Contexte de parution : Perdus / Trouvés

Présentation :

Présentation de l’écrivain Paul Scheerbart pour le recueil « Perdus / Trouvés » (Monsieur Toussaint Louverture)


Sujet principal : Paul Scheerbart
Cité(s) également : plusAlfred Jarry, Daniel Paul Schreber, David Bowie, Diogène, Else Lasker-Schüler, Ernst Rowohlt, Franz Kafka, Herwarth Walden, Karl Kraus, Léon Tolstoï, Maximilian Harden, Oskar Panizza, Raymond Queneau, Walter Benjamin




« Beaucoup de choses ont été chambardés au siècle précédent. Mais les hommes n’ont pas été chambardés. Et c’est pourquoi les hommes dans leur totalité ne sont pas adaptés à notre époque. »
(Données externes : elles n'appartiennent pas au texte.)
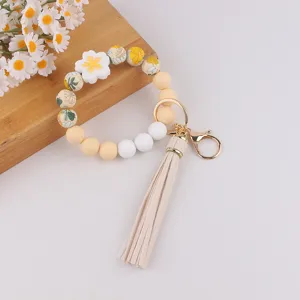 Silikon Perlen Schlüsselanhänger Armband mit Gänseblümchen Blume und Quaste für Damen Schlüssel.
Né le 8 janvier 1863 à Danzig, éduqué par une belle-mère bigote et un père charpentier, Paul Scheerbart hésite d’abord à devenir missionnaire mais finalement se décide à « sauver le monde par les Lettres ». À vingt-quatre ans, il vient s’installer à Berlin et gagne sa vie comme critique d’art pour le Berlin Börsen Courier. Il publie son premier roman, « Le Paradis, patrie des arts », en 1889. Utopiste de l’architecture, écrivain d’avant-avant-garde (il écrit un poème phonétique, « Kikakolù ! Ekoralàps ! », en 1897) et artiste de science-fiction (ses mini-romans abondent en comprimés nutritifs, matériaux synthétiques, voyages spatiaux et télégraphie sans fil), il créé en 1892 sa propre maison d’édition, Editions des Fantastiqueurs Allemands, qu’il parvient à couler en seulement deux ouvrages. Avec sa femme Anna Sommer – dite « Ourse » – Scheerbart déménage pour l’île de Rügen, où il perfectionne ses talents de buveur.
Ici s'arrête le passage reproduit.